> YOUR OBJECTIVE: Lines from the one containing "250 Oakdale Street Brevard, NC 28712" through the last line of the data are to be returned exactly, both ends included, minus any pictures.
── PROVIDED DATA
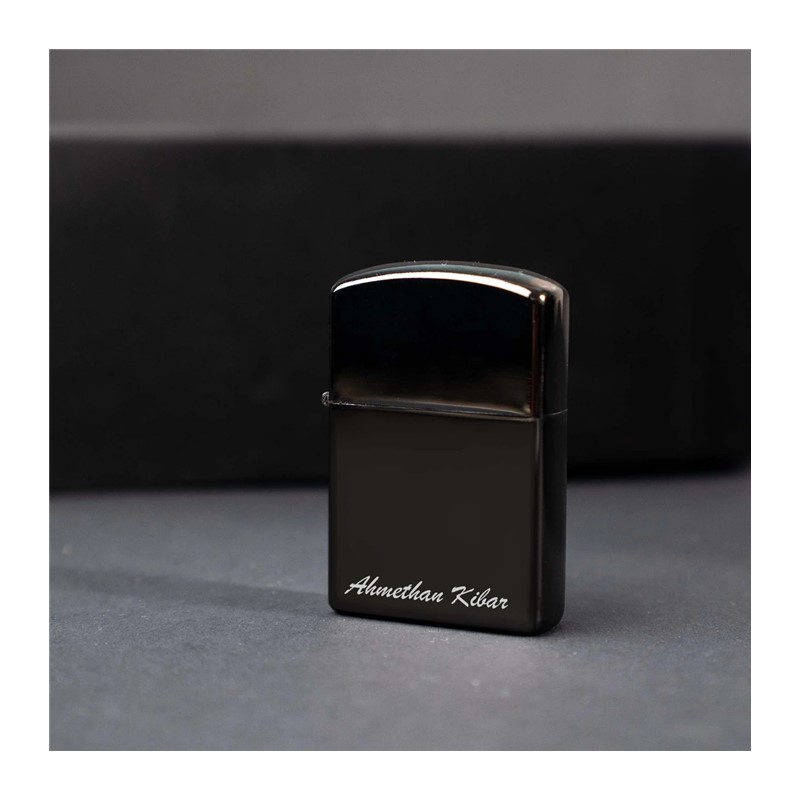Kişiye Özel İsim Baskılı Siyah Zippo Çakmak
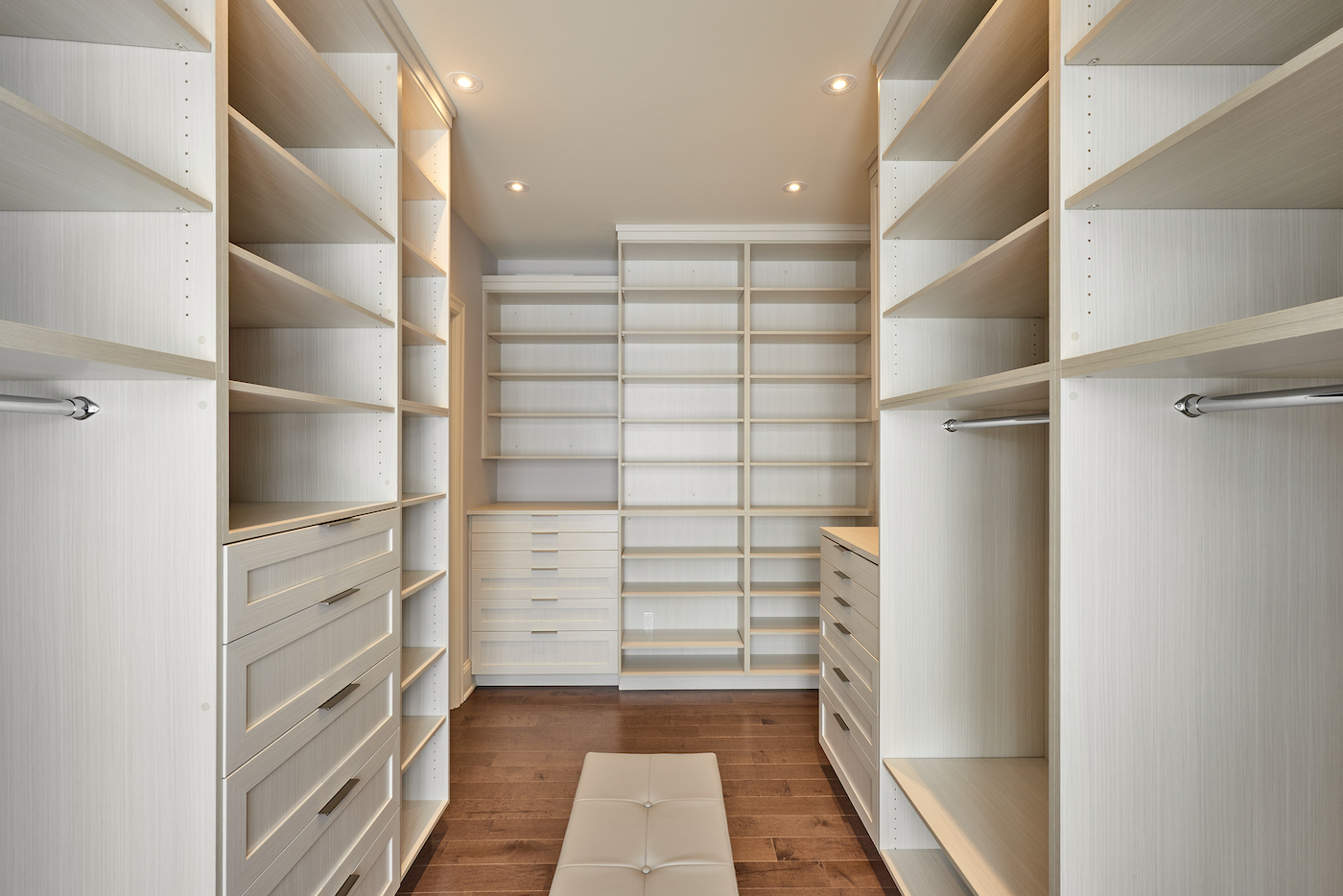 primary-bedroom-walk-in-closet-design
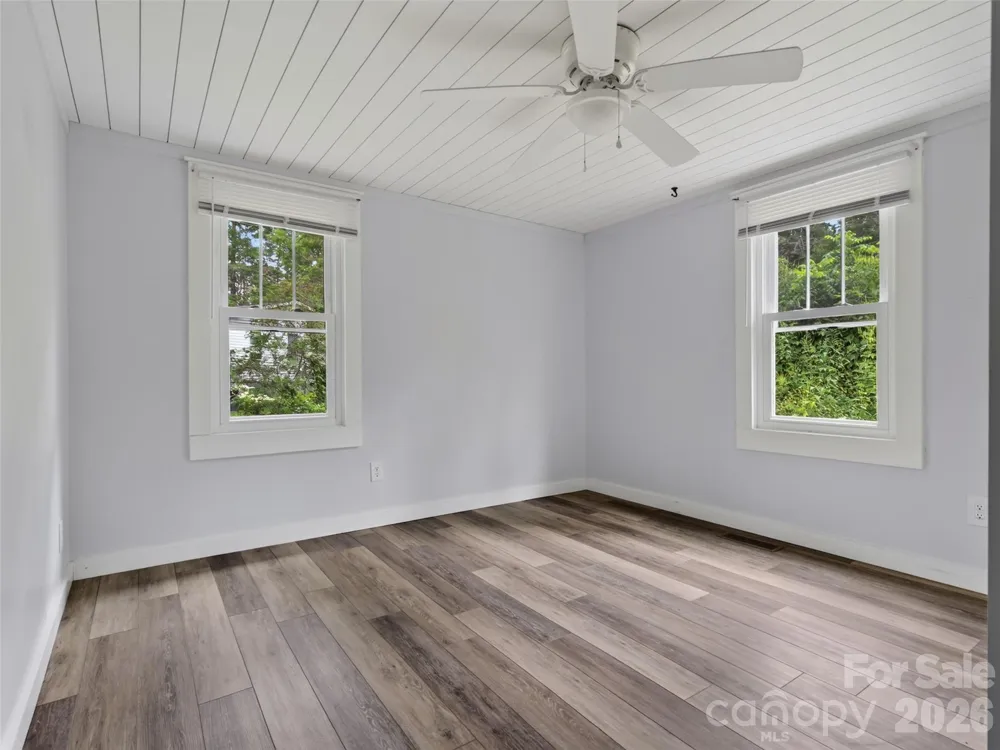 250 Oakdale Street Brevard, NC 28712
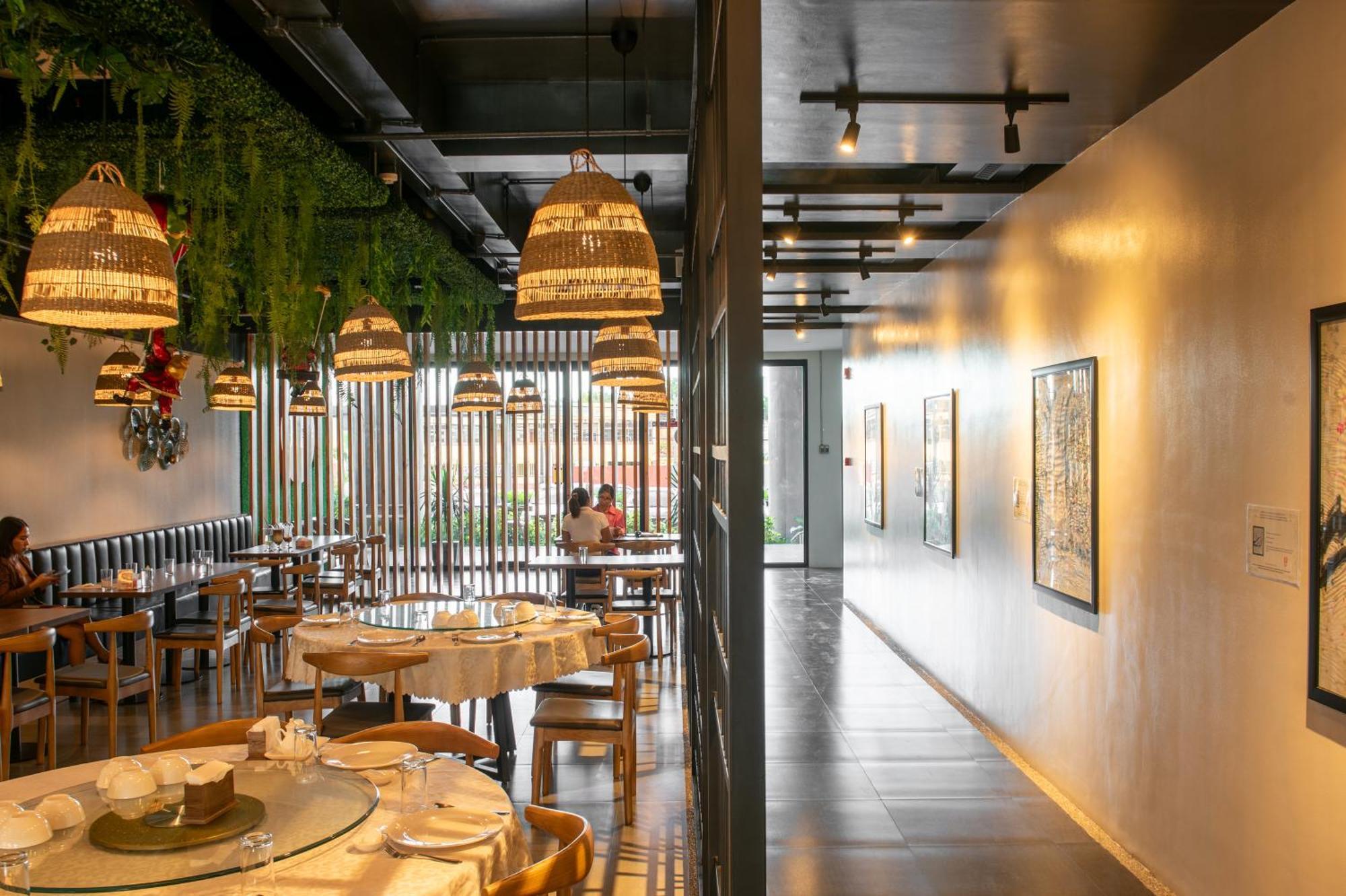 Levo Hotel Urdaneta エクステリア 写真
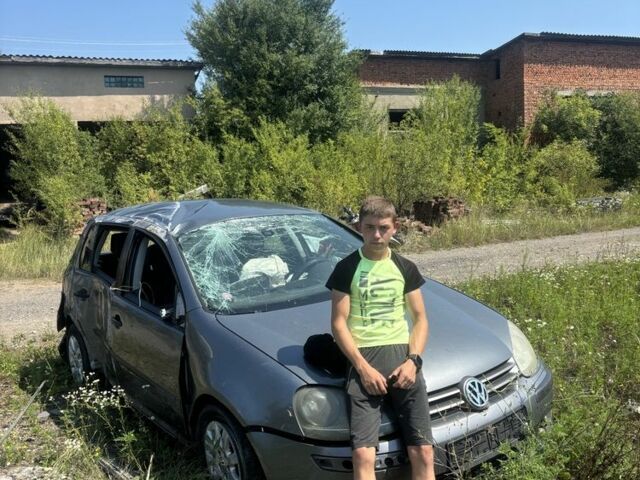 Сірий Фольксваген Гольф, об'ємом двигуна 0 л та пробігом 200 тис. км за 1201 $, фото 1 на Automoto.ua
────
> EXERCISE RESULT:
 250 Oakdale Street Brevard, NC 28712
 Levo Hotel Urdaneta エクステリア 写真
 Сірий Фольксваген Гольф, об'ємом двигуна 0 л та пробігом 200 тис. км за 1201 $, фото 1 на Automoto.ua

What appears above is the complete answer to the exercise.